Building a Workstation for PFClean
Purchasing or upgrading a workstation for your restoration work can be both expensive and confusing. Manufacturers and machine builders often offer up a plethora of unnecessary and expensive options which won’t improve your productivity at all and are based on a very generalised performance goal. In this guide the aim is to show you how easy it is to configure a workstation or upgrade your existing system to maximise efficiency in PFClean, without spending a large amount of money.
For the purposes of illustrating the importance of choosing the appropriate components, the component choices have been broken down into sections including GPU, processor, chassis, drives and RAM and each section outlines the goals we want to achieve from each component choice.
– General Processing on The GPU
– What Do You Need to Boost Your Throughput?

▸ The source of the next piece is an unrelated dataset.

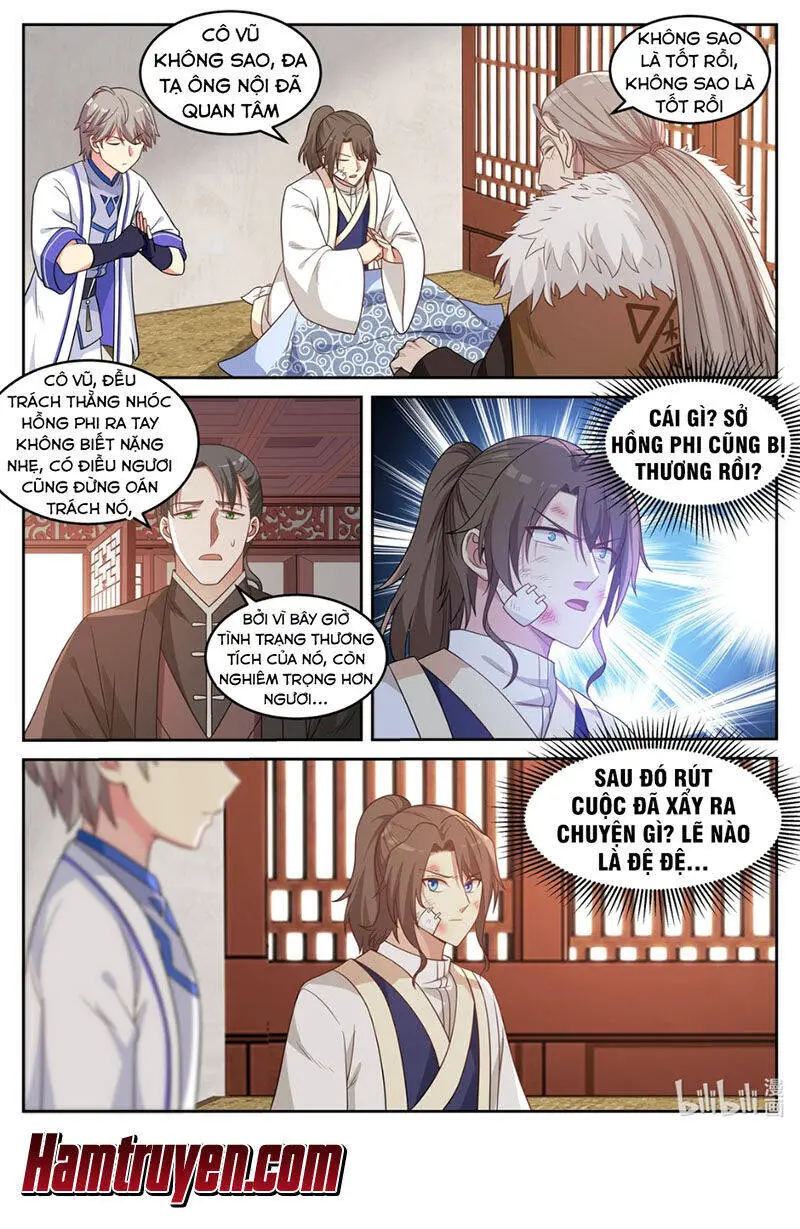 Tu La Võ Thần Nettruyen ZZZ Chương 36 Page 3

– How Many Processors? How Many Cores? How Many GHz?
– The Choice of CPU
– Off The Shelf
– Too Many Choices
– From Firm Foundations
– PCIe Lanes
– How Fast and How Much Storage?
– What About Caching?
– Drive Choices
– Future Upgrades
General Processing on The GPU
PFClean was the first application commercially available in any market, to use a technology called General Processing on the GPU (GPGPU). By offloading compute intensive tasks to the Graphics Processing Unit, PFClean is able to utilise the massively parallel architecture of the GPU to increase the speed of your restoration dramatically. In the new version you are able to employ multiple GPUs for both Display and Batch processing, as well as multiple GPUs over a network to rapidly export your restored material. PFClean continues to be at the forefront of this technology with its Digital Wet Gate and Telerack video processing engine, which is designed from the ground up to be a GPU processing only engine.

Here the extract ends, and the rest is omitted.